• What the exercise asks: Retype the lines below exactly, but only those from the line that has "Student talking with advisor." through the line that has "165 S Commonwealth". Omit every picture.

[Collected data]
....
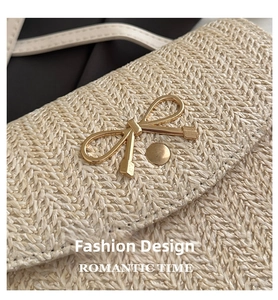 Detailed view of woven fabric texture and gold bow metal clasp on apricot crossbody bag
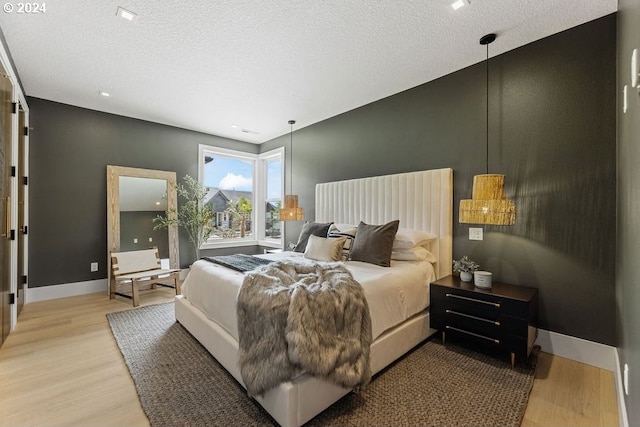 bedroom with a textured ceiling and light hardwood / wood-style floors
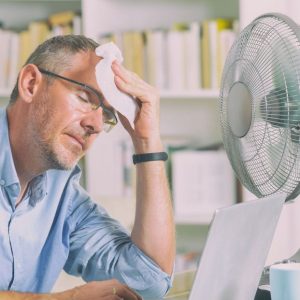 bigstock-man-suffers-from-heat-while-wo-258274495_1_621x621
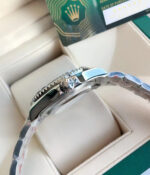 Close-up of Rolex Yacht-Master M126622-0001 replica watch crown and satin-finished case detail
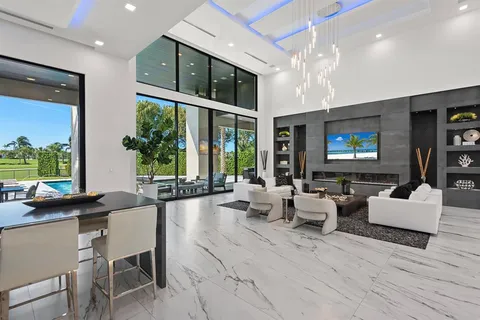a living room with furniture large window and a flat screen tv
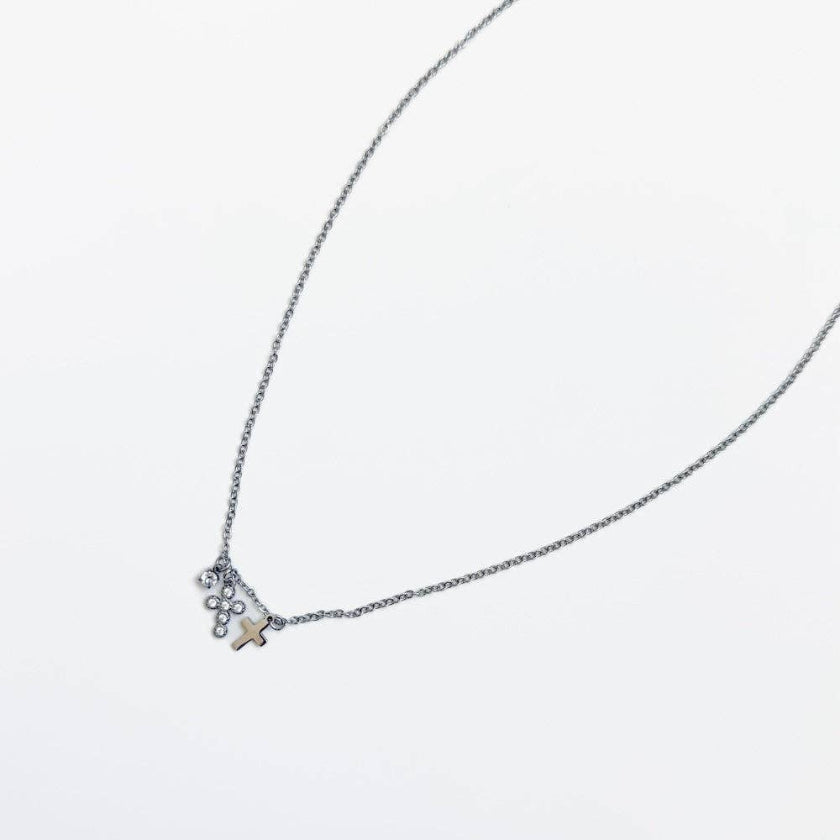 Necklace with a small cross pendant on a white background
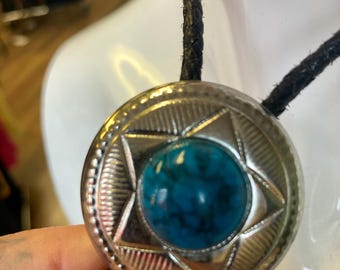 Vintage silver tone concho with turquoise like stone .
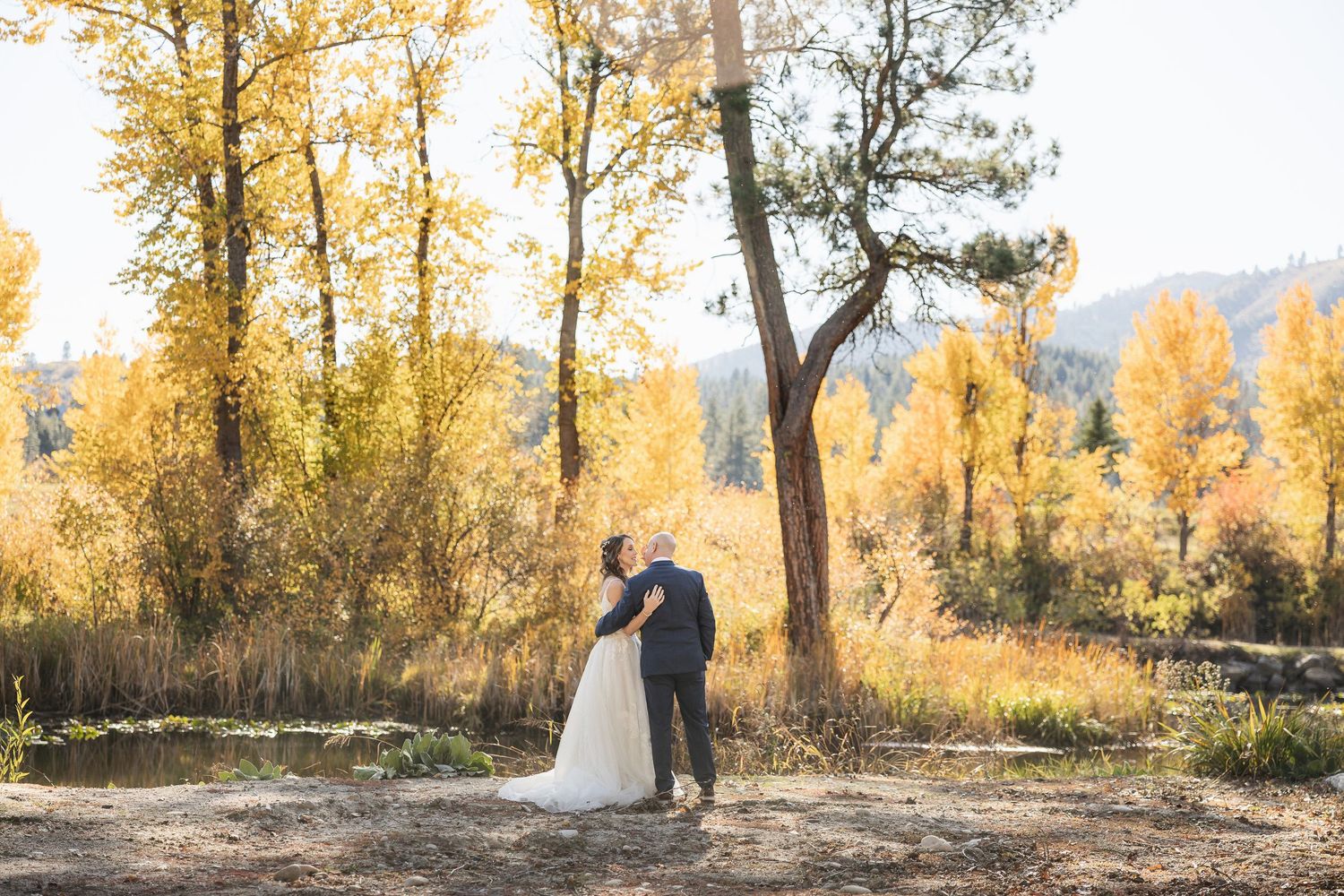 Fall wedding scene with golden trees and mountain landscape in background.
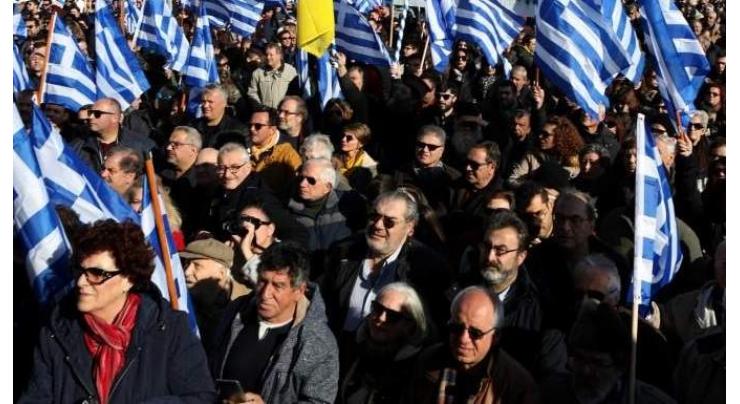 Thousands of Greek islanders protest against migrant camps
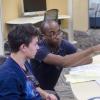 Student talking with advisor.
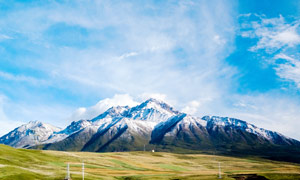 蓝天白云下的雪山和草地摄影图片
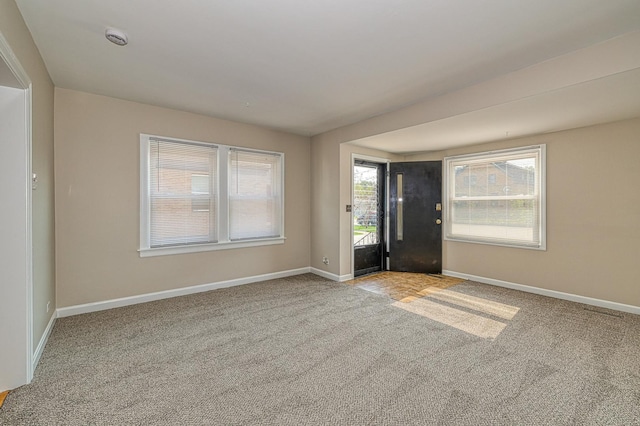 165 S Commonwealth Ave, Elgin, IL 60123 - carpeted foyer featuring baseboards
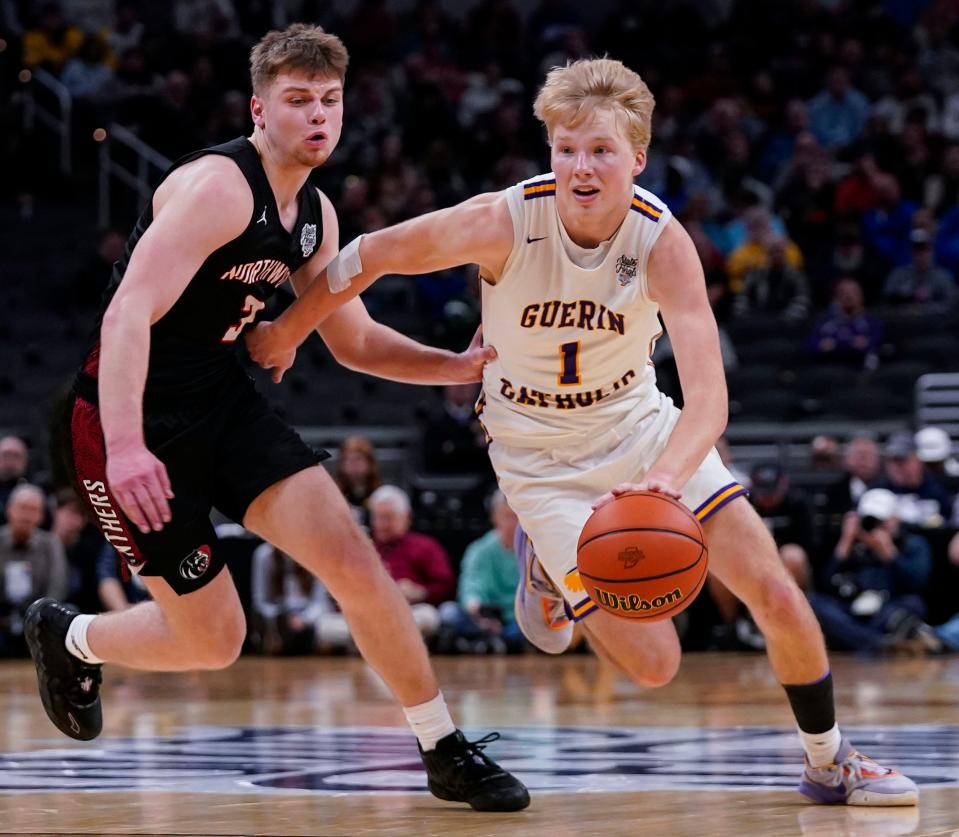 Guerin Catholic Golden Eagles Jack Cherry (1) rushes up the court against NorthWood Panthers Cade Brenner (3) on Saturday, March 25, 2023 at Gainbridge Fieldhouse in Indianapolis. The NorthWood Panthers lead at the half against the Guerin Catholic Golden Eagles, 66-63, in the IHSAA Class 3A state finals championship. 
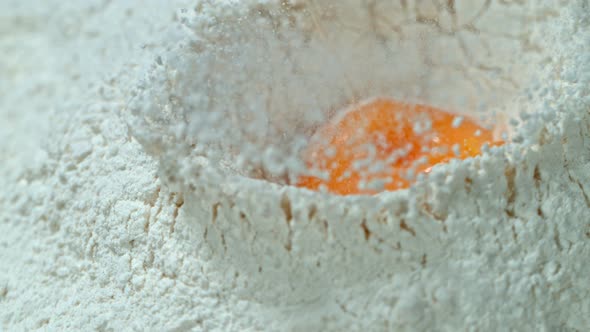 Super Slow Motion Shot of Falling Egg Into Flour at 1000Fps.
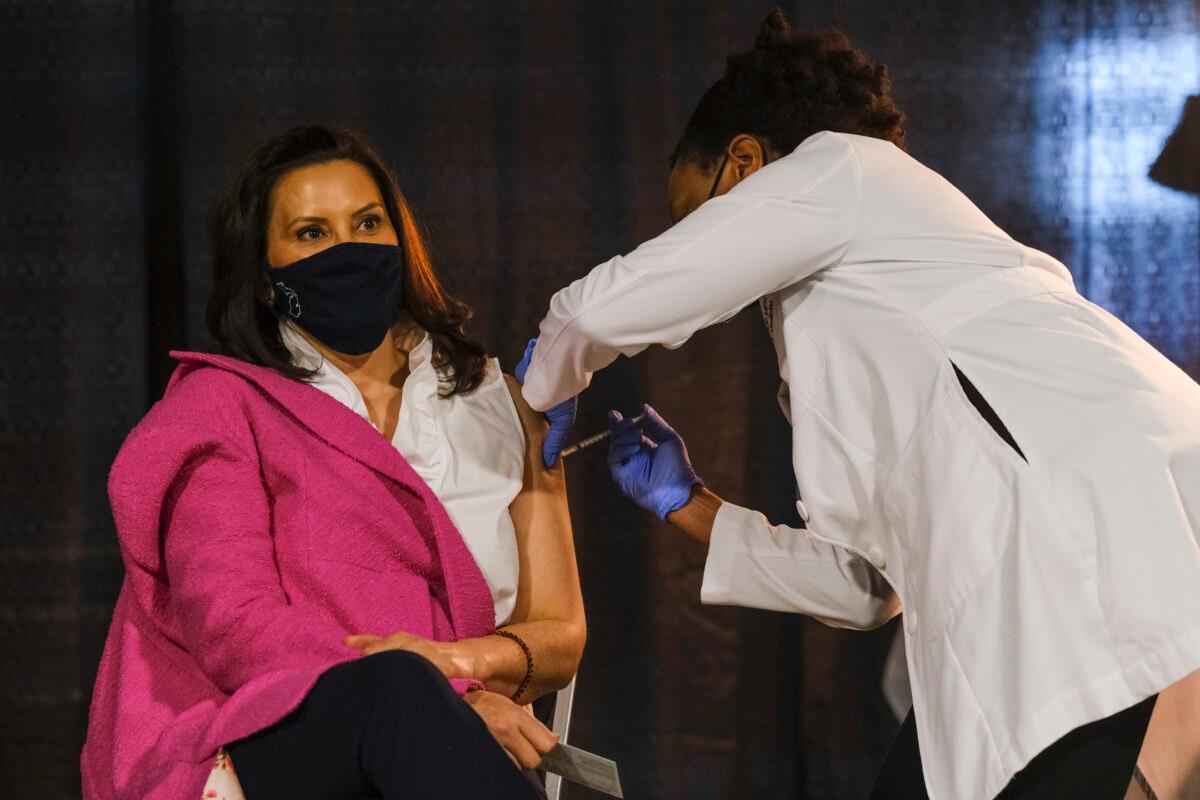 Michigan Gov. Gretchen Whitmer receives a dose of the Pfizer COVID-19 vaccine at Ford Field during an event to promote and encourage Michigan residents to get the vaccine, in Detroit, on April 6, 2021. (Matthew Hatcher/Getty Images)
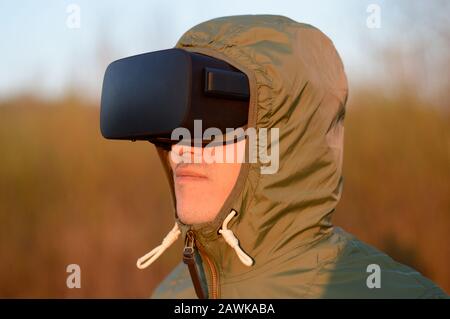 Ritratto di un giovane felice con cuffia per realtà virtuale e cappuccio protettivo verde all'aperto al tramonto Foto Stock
....
• Task solution:
 Student talking with advisor.
 蓝天白云下的雪山和草地摄影图片
 165 S Commonwealth Ave, Elgin, IL 60123 - carpeted foyer featuring baseboards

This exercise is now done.